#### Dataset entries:
________________________________________

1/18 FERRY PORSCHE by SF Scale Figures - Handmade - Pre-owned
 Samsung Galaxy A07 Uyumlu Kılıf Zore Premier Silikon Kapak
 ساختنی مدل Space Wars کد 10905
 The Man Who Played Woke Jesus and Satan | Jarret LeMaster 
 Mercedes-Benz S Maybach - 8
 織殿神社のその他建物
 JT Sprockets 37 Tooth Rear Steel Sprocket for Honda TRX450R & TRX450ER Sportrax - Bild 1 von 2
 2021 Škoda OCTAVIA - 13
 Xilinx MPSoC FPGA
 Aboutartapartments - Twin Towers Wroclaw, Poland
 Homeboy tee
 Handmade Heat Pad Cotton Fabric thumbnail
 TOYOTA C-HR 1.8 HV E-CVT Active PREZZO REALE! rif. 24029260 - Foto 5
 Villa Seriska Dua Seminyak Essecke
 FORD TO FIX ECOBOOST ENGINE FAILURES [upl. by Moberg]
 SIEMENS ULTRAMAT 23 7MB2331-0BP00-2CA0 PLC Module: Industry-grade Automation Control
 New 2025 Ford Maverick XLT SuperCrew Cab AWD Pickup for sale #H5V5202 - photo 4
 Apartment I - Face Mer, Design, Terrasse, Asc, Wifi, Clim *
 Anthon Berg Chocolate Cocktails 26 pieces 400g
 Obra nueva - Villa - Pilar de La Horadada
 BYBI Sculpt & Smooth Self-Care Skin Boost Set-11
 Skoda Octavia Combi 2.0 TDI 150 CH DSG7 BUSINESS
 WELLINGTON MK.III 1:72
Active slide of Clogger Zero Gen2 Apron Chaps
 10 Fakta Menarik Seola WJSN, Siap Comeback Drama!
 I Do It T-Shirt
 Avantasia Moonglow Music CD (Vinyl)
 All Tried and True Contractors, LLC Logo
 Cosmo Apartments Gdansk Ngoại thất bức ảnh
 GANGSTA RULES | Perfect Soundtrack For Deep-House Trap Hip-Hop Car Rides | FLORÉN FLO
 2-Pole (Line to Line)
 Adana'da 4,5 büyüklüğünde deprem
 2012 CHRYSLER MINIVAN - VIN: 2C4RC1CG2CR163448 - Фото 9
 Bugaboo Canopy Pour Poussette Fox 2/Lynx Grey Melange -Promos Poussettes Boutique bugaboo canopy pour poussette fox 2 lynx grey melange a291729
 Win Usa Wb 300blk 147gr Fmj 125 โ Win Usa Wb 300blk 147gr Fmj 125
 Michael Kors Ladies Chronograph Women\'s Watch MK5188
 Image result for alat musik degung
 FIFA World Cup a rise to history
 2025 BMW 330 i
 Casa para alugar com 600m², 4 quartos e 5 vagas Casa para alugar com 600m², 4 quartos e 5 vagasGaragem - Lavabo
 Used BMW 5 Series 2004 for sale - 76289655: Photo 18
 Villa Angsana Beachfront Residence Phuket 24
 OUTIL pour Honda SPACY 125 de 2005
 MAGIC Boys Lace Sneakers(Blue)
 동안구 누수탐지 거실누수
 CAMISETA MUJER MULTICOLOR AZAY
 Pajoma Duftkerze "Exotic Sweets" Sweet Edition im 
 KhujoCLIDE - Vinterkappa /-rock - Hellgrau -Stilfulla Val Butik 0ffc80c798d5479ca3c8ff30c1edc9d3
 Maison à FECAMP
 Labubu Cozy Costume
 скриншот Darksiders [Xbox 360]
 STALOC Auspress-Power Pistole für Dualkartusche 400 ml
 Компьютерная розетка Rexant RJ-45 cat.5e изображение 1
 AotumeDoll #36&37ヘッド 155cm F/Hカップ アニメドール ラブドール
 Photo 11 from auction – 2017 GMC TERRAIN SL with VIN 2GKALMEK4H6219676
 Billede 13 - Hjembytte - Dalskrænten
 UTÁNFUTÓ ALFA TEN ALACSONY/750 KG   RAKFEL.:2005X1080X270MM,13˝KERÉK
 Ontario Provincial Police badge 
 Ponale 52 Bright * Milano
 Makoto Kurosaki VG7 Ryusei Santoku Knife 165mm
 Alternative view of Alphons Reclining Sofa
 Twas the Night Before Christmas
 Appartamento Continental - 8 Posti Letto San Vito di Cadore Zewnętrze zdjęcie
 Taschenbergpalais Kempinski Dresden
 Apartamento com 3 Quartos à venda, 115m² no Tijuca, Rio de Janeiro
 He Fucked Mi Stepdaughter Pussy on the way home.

________________________________________

#### What to work on:
Where the data above reaches the line holding "2-Pole (Line to Line)", begin printing, and stop after the line holding "동안구 누수탐지 거실누수". Each line must be reproduced exactly, with nothing else added.

#### Response to the task:
 2-Pole (Line to Line)
 Adana'da 4,5 büyüklüğünde deprem
 2012 CHRYSLER MINIVAN - VIN: 2C4RC1CG2CR163448 - Фото 9
 Bugaboo Canopy Pour Poussette Fox 2/Lynx Grey Melange -Promos Poussettes Boutique bugaboo canopy pour poussette fox 2 lynx grey melange a291729
 Win Usa Wb 300blk 147gr Fmj 125 โ Win Usa Wb 300blk 147gr Fmj 125
 Michael Kors Ladies Chronograph Women\'s Watch MK5188
 Image result for alat musik degung
 FIFA World Cup a rise to history
 2025 BMW 330 i
 Casa para alugar com 600m², 4 quartos e 5 vagas Casa para alugar com 600m², 4 quartos e 5 vagasGaragem - Lavabo
 Used BMW 5 Series 2004 for sale - 76289655: Photo 18
 Villa Angsana Beachfront Residence Phuket 24
 OUTIL pour Honda SPACY 125 de 2005
 MAGIC Boys Lace Sneakers(Blue)
 동안구 누수탐지 거실누수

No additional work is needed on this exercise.